Twilight Princess is also where Zelda developed some of its formulaic habits. Skyward Sword was more of a departure, and the upcoming Wii U game is said to be taking notes from A Link Between Worlds, but this adventure follows the Zelda pattern to a tee. It was criticized for some of these elements at the time, of course. You spend far too long in your idyllic home town before the adventure starts, and the wolf segments are still fairly dull fetch-quests--thankfully tempered by reducing the number of Tears of Light in some areas.

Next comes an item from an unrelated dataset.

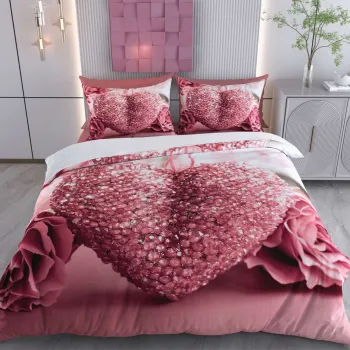 Lenjerie de pat dubla Super King (FR), 3 piese, L'essentiel Maison, Dream, Bumbac;Poliester, Trandafir praf / Alb imagine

The visuals haven't aged particularly well either. It's as if we need a new term, similar to the uncanny valley, to describe graphics that aren't old-fashioned enough to look nostalgic, like Ocarina, but aren't quite modern either. The HD coat of paint isn't as much a leap as it was in Ocarina and Wind Waker. Particularly at the beginning, before receiving his equipment, Link's movement looks lumbering and stiff.
A Brighter Twilight
Despite all that, though, Nintendo did clearly put care and attention into this as an HD re-release. The visual improvements may be slighter but they are present, and more importantly, this version lets you play with a proper controller. The result is combat that feels more exact and responsive than the Wii version that demanded motion controls. As has become the series norm, the addition of a touch screen makes it a breeze to equip Link's arsenal of items. Even if I find Twilight Princess only so-so by Zelda standards, this is easily the best way to play it.

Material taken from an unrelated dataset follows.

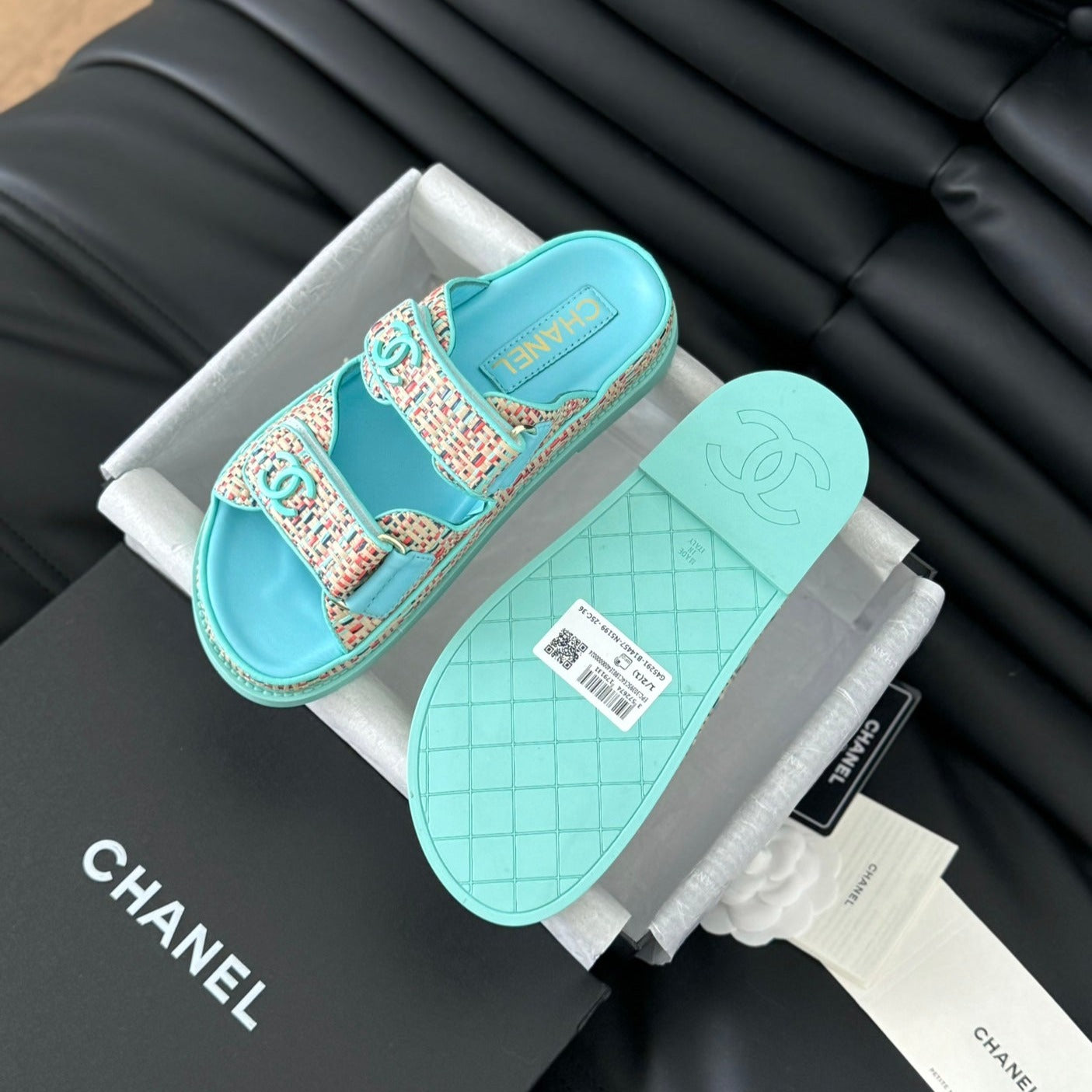 CHANEL Mule Sandals Sheepskin Azure Blue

And of course, it adds functionality from Nintendo's latest success story, Amiibo. The Wolf Link amiibo unlocks a simple endurance dungeon, though be warned, it drops you in at your current level so playing in the early game means you won't have much life to work with. It also works as a quick-start, letting you bypass the game select screen by associating a save file with the amiibo itself. It's a small feature, but it's a nifty little function that more games could use.
The Test of Time
On the whole, these improvements make Twilight Princess HD the best version of the worst modern Zelda game. That said, even a mediocre Zelda game is still pretty fun. If you can get past its tonal oddities and paint-by-numbers structure, it's a good game, but not a great one. I enjoyed it as a cultural artifact, but replaying it made me appreciate that this direction for the series was temporary.
This review is based on a Wii U retail copy provided by the publisher. The Legend of Zelda: Twilight Princess HD will be available in retail stores with Wolf Link Amiibo for $59.99, and on the Nintendo eShop digitally for $49.99, on March 4. The game is rated T.